■ **Task**
Find the line containing "Lot 1316 - A" in the records below. Copy exactly that line and each one after it, ending at the line containing "Close-up of a", and nothing more.

■ **Given data**
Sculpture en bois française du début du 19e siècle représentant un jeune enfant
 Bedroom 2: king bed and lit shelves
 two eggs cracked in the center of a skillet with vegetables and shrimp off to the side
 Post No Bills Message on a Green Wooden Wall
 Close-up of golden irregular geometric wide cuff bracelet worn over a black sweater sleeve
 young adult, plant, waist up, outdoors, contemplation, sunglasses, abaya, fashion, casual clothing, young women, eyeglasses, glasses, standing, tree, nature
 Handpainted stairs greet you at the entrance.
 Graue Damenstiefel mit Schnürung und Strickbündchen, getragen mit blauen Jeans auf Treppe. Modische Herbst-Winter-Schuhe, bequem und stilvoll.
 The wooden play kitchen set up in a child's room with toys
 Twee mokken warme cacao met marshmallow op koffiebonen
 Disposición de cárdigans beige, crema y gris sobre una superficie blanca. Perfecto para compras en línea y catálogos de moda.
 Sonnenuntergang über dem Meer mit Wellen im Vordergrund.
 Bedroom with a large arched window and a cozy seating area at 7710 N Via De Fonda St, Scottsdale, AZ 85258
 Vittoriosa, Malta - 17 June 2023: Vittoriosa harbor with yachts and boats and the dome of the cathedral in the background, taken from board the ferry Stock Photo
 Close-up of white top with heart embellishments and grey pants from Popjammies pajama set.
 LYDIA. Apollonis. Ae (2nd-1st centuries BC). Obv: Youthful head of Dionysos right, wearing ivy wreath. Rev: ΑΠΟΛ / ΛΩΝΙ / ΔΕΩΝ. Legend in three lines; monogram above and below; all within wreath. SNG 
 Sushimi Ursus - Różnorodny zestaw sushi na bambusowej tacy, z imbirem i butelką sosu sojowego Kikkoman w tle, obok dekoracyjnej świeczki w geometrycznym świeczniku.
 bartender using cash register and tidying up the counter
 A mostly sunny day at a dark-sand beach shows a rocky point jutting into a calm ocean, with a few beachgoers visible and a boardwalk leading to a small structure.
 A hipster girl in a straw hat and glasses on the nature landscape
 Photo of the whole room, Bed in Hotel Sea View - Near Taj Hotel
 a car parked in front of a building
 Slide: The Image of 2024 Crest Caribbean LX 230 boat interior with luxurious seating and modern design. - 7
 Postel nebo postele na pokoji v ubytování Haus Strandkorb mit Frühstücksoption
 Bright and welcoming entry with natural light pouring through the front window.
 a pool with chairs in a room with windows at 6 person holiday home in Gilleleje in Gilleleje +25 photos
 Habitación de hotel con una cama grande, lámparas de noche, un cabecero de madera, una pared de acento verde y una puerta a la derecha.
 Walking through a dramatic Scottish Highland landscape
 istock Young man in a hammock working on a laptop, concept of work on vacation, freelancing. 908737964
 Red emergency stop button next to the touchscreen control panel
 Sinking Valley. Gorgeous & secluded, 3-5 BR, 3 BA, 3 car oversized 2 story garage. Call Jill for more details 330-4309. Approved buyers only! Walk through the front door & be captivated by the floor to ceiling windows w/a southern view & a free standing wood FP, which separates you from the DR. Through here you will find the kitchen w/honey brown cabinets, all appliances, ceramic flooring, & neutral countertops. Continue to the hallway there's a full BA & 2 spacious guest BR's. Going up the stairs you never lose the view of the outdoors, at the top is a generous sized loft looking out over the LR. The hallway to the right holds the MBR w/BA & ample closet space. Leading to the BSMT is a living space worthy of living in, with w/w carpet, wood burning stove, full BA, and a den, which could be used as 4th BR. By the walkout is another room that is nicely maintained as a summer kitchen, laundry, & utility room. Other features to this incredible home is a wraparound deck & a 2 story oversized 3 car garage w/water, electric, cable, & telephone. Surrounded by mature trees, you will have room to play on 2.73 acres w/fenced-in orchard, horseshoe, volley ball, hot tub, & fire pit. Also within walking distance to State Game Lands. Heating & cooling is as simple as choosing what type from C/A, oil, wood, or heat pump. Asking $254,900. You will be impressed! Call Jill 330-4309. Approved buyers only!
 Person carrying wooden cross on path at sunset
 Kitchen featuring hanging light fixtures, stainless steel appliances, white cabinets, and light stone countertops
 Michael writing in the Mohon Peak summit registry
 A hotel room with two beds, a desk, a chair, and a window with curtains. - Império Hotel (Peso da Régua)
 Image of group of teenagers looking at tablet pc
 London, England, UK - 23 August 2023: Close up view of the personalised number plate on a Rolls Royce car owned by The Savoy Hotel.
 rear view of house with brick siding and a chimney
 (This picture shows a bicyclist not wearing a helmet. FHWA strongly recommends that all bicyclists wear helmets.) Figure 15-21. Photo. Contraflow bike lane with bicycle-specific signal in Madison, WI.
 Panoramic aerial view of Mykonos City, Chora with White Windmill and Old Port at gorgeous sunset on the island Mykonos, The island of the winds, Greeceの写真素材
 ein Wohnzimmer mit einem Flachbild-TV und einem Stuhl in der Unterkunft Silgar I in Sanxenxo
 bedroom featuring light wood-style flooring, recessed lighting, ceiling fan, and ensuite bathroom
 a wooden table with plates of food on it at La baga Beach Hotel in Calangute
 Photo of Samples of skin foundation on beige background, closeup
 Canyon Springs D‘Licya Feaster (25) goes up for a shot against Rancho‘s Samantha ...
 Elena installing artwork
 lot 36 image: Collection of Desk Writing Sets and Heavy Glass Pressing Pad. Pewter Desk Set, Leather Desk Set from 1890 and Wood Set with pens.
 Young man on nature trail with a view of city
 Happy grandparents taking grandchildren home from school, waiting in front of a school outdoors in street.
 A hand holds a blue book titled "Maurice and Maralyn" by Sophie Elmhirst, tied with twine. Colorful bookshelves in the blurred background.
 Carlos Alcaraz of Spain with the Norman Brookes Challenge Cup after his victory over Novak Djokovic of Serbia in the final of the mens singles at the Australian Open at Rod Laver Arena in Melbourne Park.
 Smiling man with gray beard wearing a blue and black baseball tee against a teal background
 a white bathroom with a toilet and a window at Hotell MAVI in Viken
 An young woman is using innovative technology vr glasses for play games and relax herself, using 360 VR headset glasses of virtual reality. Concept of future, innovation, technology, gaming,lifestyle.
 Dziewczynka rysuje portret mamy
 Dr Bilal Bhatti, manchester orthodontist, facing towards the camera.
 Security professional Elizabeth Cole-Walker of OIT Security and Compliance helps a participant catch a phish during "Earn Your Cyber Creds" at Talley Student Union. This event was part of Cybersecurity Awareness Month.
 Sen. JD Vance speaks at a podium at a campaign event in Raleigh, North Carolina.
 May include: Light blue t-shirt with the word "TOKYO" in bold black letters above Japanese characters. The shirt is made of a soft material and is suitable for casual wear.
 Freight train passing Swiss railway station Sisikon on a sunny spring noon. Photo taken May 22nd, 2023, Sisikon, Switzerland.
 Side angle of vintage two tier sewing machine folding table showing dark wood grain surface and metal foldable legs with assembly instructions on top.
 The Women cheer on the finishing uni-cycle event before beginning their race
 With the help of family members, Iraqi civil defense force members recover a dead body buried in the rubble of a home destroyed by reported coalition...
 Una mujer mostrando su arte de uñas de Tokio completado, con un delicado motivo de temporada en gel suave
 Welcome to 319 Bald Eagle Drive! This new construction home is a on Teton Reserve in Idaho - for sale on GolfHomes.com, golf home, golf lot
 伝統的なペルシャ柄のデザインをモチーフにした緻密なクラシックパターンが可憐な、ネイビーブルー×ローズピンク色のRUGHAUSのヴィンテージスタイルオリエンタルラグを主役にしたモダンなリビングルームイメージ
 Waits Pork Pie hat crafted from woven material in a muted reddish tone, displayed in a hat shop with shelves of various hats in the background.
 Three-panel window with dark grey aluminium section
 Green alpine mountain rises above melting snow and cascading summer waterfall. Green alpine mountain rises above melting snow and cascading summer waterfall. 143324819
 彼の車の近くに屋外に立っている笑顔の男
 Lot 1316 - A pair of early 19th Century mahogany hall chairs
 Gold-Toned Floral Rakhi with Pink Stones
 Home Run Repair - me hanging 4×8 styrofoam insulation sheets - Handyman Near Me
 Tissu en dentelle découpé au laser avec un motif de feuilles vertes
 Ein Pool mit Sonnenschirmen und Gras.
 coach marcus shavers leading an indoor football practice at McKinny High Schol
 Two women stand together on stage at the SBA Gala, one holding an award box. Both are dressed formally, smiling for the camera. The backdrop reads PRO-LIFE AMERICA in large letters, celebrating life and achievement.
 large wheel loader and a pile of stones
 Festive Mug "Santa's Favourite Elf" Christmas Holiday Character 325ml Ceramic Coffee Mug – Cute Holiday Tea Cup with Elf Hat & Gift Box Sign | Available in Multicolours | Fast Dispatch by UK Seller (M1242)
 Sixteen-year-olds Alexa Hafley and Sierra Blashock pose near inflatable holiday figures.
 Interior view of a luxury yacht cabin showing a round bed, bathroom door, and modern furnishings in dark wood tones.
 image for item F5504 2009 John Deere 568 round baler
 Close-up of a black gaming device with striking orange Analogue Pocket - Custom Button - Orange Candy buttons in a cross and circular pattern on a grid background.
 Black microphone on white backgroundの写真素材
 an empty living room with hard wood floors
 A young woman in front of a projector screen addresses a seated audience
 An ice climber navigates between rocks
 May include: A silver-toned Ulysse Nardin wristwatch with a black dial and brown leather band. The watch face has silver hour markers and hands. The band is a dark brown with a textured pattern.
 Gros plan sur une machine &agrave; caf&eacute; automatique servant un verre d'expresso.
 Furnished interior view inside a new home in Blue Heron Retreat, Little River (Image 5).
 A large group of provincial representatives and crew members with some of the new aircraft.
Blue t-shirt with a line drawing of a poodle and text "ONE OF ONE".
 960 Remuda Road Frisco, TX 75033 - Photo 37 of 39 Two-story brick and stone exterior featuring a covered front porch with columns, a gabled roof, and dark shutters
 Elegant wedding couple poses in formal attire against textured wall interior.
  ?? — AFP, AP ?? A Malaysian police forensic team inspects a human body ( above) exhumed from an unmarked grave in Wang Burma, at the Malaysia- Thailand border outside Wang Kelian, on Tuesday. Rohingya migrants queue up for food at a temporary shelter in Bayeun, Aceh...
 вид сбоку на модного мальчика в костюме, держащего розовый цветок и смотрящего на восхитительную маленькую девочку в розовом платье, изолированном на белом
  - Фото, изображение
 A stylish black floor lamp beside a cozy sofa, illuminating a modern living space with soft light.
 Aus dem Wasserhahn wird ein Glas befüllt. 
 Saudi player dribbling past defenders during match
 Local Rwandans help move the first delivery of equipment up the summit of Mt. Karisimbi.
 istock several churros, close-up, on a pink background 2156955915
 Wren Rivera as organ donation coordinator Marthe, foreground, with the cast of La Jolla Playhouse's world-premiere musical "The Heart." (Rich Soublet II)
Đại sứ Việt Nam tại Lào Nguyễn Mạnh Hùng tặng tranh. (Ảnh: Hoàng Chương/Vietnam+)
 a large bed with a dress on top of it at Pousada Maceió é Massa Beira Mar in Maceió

■ **Written answer**
 Lot 1316 - A pair of early 19th Century mahogany hall chairs
 Gold-Toned Floral Rakhi with Pink Stones
 Home Run Repair - me hanging 4×8 styrofoam insulation sheets - Handyman Near Me
 Tissu en dentelle découpé au laser avec un motif de feuilles vertes
 Ein Pool mit Sonnenschirmen und Gras.
 coach marcus shavers leading an indoor football practice at McKinny High Schol
 Two women stand together on stage at the SBA Gala, one holding an award box. Both are dressed formally, smiling for the camera. The backdrop reads PRO-LIFE AMERICA in large letters, celebrating life and achievement.
 large wheel loader and a pile of stones
 Festive Mug "Santa's Favourite Elf" Christmas Holiday Character 325ml Ceramic Coffee Mug – Cute Holiday Tea Cup with Elf Hat & Gift Box Sign | Available in Multicolours | Fast Dispatch by UK Seller (M1242)
 Sixteen-year-olds Alexa Hafley and Sierra Blashock pose near inflatable holiday figures.
 Interior view of a luxury yacht cabin showing a round bed, bathroom door, and modern furnishings in dark wood tones.
 image for item F5504 2009 John Deere 568 round baler
 Close-up of a black gaming device with striking orange Analogue Pocket - Custom Button - Orange Candy buttons in a cross and circular pattern on a grid background.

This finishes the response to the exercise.